● **HOW TO COMPLETE THIS TASK**:
Look for the line that has "Vista previa del" in the material below; please repeat it and every line after it, exactly, up to and including the line that has "TSP0225037 - Lauhdutin, ilmastointilaite", and nothing else.

___ PROVIDED INFORMATION

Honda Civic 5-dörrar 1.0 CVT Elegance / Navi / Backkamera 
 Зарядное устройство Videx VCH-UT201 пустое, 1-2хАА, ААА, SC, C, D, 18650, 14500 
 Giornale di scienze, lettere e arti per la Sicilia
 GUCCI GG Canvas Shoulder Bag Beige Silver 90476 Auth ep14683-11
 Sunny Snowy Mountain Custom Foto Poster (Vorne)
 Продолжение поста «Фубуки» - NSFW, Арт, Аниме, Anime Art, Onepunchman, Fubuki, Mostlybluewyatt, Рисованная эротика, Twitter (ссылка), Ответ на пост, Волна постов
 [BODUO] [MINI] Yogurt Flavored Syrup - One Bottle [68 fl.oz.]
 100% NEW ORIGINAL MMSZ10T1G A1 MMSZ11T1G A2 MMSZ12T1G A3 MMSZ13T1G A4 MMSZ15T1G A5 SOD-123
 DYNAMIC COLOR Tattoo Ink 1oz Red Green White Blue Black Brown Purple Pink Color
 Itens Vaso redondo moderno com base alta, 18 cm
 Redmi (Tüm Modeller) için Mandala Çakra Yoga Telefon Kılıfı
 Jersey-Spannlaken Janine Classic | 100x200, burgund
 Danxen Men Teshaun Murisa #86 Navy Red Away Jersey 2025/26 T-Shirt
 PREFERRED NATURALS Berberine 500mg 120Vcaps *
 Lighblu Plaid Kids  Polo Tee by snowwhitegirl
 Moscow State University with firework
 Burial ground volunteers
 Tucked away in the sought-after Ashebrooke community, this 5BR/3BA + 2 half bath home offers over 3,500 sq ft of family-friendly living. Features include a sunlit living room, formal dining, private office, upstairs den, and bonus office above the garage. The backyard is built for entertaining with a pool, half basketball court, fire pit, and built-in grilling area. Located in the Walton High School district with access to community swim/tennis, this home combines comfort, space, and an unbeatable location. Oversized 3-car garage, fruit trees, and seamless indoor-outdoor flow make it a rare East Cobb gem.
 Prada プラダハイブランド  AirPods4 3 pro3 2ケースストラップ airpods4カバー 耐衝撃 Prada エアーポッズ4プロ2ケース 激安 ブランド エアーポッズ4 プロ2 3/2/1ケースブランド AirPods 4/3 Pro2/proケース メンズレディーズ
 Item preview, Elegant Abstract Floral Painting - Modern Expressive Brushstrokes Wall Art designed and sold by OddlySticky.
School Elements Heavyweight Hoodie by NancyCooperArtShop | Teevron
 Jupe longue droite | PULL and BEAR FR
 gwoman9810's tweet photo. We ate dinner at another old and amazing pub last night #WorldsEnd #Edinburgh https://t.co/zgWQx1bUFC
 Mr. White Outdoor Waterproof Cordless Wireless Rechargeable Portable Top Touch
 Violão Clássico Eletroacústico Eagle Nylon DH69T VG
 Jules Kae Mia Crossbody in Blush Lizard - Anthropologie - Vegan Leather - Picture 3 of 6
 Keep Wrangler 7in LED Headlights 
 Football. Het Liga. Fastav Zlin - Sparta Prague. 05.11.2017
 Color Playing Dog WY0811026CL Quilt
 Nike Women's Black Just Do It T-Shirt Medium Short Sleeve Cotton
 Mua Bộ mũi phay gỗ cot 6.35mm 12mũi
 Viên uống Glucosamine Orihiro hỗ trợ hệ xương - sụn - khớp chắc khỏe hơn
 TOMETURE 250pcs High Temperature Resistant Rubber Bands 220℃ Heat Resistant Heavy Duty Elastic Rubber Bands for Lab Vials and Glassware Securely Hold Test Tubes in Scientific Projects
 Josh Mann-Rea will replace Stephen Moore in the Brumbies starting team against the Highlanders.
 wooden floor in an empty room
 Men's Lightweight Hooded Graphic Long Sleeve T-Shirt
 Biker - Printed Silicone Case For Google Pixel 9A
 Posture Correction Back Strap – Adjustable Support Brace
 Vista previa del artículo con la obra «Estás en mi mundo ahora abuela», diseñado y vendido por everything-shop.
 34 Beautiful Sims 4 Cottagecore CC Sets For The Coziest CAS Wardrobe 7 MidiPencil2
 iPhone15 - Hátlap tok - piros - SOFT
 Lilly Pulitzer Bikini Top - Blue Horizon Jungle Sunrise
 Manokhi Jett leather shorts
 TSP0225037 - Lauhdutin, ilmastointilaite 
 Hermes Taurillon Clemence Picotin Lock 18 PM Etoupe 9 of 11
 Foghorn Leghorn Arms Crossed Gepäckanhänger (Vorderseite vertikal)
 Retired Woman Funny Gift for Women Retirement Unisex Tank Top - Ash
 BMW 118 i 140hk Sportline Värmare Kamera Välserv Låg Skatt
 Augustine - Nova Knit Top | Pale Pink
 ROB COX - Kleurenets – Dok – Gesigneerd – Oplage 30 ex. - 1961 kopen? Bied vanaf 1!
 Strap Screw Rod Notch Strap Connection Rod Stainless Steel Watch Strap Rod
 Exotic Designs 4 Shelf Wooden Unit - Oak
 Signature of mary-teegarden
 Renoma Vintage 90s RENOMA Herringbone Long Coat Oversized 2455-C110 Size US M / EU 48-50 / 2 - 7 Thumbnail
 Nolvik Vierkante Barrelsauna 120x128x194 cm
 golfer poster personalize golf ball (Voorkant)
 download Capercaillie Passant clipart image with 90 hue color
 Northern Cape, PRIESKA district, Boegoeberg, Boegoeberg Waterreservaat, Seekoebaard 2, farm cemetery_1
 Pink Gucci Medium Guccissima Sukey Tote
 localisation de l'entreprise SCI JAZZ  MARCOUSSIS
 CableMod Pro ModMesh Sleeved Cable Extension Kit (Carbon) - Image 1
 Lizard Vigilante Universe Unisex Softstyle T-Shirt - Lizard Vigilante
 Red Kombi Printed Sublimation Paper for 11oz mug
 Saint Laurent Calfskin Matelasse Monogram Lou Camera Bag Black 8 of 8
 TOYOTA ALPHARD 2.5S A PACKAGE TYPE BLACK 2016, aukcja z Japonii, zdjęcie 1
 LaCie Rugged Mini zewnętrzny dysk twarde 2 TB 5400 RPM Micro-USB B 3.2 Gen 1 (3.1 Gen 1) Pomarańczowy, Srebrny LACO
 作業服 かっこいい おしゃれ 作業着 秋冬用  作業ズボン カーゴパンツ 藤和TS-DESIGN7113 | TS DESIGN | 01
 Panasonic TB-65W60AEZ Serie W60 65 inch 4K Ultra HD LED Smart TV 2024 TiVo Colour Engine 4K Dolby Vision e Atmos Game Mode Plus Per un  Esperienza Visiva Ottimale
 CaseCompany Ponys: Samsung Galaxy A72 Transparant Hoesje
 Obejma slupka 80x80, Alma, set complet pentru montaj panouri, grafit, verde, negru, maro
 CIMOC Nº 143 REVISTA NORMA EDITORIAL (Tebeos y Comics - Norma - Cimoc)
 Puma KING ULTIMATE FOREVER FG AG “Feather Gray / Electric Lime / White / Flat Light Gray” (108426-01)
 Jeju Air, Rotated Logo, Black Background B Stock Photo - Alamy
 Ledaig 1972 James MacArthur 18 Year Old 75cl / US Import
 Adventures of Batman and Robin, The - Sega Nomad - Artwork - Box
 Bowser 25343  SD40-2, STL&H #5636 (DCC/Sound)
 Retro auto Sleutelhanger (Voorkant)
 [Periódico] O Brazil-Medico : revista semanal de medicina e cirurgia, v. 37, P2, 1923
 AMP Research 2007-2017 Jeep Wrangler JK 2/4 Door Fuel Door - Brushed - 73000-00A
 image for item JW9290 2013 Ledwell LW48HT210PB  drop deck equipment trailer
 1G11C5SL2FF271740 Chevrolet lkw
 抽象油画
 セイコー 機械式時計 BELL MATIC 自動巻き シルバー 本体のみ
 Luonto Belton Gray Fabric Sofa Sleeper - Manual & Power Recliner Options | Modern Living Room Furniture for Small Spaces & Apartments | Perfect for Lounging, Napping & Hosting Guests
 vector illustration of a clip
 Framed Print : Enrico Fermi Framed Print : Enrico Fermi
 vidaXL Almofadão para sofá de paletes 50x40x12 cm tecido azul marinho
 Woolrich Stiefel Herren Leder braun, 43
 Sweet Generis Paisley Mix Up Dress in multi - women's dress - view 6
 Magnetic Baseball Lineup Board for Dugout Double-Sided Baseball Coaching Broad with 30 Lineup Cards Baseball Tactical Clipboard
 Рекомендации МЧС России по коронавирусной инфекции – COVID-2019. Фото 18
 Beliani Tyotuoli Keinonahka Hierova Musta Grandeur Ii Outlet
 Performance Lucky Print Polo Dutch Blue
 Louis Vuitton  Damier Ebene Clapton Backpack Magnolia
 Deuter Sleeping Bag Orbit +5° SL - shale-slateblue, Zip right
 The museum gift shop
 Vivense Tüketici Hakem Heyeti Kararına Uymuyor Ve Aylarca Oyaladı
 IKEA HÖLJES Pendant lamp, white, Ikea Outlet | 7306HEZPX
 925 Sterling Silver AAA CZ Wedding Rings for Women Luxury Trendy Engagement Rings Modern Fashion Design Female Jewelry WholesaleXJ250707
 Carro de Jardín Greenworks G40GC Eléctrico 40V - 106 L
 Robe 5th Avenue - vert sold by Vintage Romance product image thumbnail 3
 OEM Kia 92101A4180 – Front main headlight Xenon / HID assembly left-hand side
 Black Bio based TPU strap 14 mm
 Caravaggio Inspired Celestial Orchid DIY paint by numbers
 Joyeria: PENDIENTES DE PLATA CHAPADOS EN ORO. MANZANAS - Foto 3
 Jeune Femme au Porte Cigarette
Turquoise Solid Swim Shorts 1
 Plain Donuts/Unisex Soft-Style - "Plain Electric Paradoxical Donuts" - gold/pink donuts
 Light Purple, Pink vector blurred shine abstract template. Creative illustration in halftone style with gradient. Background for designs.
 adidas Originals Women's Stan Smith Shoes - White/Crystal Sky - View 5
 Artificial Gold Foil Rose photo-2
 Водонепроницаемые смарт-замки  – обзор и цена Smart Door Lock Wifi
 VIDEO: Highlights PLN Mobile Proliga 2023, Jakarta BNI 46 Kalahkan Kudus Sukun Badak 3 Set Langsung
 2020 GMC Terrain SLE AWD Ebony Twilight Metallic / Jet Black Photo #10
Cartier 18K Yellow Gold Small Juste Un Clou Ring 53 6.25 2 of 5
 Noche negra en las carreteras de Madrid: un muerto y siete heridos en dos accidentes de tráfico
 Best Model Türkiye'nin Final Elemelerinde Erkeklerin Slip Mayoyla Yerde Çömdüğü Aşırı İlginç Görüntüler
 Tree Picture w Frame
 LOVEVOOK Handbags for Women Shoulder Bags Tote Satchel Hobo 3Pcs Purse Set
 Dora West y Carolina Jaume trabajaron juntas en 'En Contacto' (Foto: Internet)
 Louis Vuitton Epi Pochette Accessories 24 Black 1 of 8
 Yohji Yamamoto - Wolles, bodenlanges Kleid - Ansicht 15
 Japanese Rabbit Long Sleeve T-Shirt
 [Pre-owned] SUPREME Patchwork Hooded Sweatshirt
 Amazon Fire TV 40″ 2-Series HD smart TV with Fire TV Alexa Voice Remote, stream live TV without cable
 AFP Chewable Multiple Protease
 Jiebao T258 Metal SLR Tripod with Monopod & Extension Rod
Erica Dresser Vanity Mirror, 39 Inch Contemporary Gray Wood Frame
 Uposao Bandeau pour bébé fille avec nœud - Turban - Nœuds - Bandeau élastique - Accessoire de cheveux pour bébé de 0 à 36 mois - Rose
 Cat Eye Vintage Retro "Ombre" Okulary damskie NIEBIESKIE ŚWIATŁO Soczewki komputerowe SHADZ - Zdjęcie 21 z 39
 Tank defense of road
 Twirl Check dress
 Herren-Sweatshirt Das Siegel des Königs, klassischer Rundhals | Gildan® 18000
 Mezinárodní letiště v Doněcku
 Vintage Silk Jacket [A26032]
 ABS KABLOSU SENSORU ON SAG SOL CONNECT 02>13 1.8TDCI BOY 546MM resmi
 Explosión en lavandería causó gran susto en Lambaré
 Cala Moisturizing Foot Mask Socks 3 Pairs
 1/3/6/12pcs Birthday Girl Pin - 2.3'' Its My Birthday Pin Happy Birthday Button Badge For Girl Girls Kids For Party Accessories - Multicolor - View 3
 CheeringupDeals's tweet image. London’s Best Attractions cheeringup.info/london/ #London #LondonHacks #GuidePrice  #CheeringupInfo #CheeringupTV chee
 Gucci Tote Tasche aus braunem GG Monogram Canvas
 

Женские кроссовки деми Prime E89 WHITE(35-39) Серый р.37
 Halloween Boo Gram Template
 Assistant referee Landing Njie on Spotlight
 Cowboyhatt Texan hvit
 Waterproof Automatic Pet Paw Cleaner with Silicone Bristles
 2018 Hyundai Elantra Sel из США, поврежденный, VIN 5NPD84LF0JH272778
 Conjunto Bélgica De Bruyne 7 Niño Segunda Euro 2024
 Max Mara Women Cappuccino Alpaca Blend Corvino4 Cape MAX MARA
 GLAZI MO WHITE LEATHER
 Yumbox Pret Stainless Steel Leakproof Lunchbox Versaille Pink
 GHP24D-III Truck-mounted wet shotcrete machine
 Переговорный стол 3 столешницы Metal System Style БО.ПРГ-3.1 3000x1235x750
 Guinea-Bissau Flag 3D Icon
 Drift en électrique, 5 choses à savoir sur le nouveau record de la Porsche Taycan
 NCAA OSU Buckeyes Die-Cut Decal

______

● **RESULT OF THIS EXERCISE**:
 Vista previa del artículo con la obra «Estás en mi mundo ahora abuela», diseñado y vendido por everything-shop.
 34 Beautiful Sims 4 Cottagecore CC Sets For The Coziest CAS Wardrobe 7 MidiPencil2
 iPhone15 - Hátlap tok - piros - SOFT
 Lilly Pulitzer Bikini Top - Blue Horizon Jungle Sunrise
 Manokhi Jett leather shorts
 TSP0225037 - Lauhdutin, ilmastointilaite 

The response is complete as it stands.